Lira requereu que fosse determinado às plataformas de redes sociais que derrubassem, sob pena de multa, o conteúdo da reportagem “Ex-mulher Arthur Lira o acusa de violência sexual”, publicada em 21 de junho deste ano, além de pedir que a Pública fosse impedida de veicular outras publicações com o mesmo teor, também sob pena de multa. Por fim, requereu a condenação da Agência Pública ao pagamento de indenização no valor de R$100 mil reais, além de custas e honorários advocatícios.
O pedido de “tutela de urgência” apresentado por Lira na ação foi indeferido pelo juiz Luiz Carlos de Miranda, que entendeu que a reportagem atende ao interesse público e visava informar os leitores. Na matéria, a Pública trouxe com exclusividade uma entrevista com Jullyene Lins, que disse pela primeira vez que Lira a teria violentado sexualmente. Ela contou ainda ter sofrido violência física e psicológica do ex-marido.
A Pública se debruçou sobre o processo judicial baseado na lei Maria da Penha, procurou as principais testemunhas citadas e teve acesso ao laudo do corpo de delito, que originou o processo sobre a suposta violência física.

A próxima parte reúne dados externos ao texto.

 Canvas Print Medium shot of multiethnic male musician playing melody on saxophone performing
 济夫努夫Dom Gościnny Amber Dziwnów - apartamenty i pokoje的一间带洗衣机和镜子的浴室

O caso, iniciado em 2007, foi concluído nove anos depois, com a absolvição de Arthur Lira pelo Supremo Tribunal Federal (STF).
A Agência Pública considera que Arthur Lira tenta agora censurar o trabalho jornalístico de notável interesse público. “Não é demais lembrar que o autor, por ser figura pública e política de inegável importância no cenário brasileiro, desperta legítimo interesse quanto aos seus atos de governo, mas também quanto à sua vida pessoal”, disse o magistrado em sua decisão.
Além de pedir a retirada da reportagem do ar, Lira solicitou uma indenização de R$ 100 mil e pede que tanto a Pública quanto Jullyene Lins não falem mais sobre este assunto, o que é censura prévia: “Pede como tutela de urgência (…) e às Requeridas, Pública – Agência de Jornalismo Investigativo e Jullyene Cristine Santos Lins que se abstenham de veicular outras publicações com o mesmo teor, sob pena de multa por descumprimento”, diz o pedido de Tutela de Urgência, também negado pelo juiz Luiz Carlos de Miranda. Lira solicitou ainda que o processo corresse em segredo de justiça, o que também foi indeferido pelo juiz da ação.
Em sua decisão, o magistrado destacou o direito constitucional à liberdade de expressão, “um dos meios que garantem ao homem a livre manifestação de opiniões, ideias e pensamentos sem que com isso sofra retaliações ou censuras por parte de governos ou autoridades públicas”, destacou. “Alisando detidamente a matéria veiculada no portal eletrônico, observo que a Agência Pública não se descurou de seu dever de informar, ao contrário citou textualmente a decisão do STF, e indicou que houve a sua absolvição. Apresentou o relato da ex-esposa na noite em que ocorreram os fatos apurados pelo STF, e indicou quem estava na casa naquele momento”, acrescentou.
Ainda segundo Miranda “é evidente que a matéria não se mostrou, em nenhum momento, dirigida apenas contra o autor, posto que deu espaço à investigação que fez sobre os fatos de quase 2 décadas atrás, como também apresentou ao leitor dados sobre a decisão do STF e também sobre as pessoas envolvidas no que ocorreu naquela fatídica noite”. “Em resumo, a matéria permite ao leitor de inteligência média chegar à sua própria conclusão, seja por acreditar no que relatou Jullyene, seja por não acreditar, inclusive sobre a inovação contida na reportagem, que envolve a alegação de estupro”, concluiu Miranda na decisão”.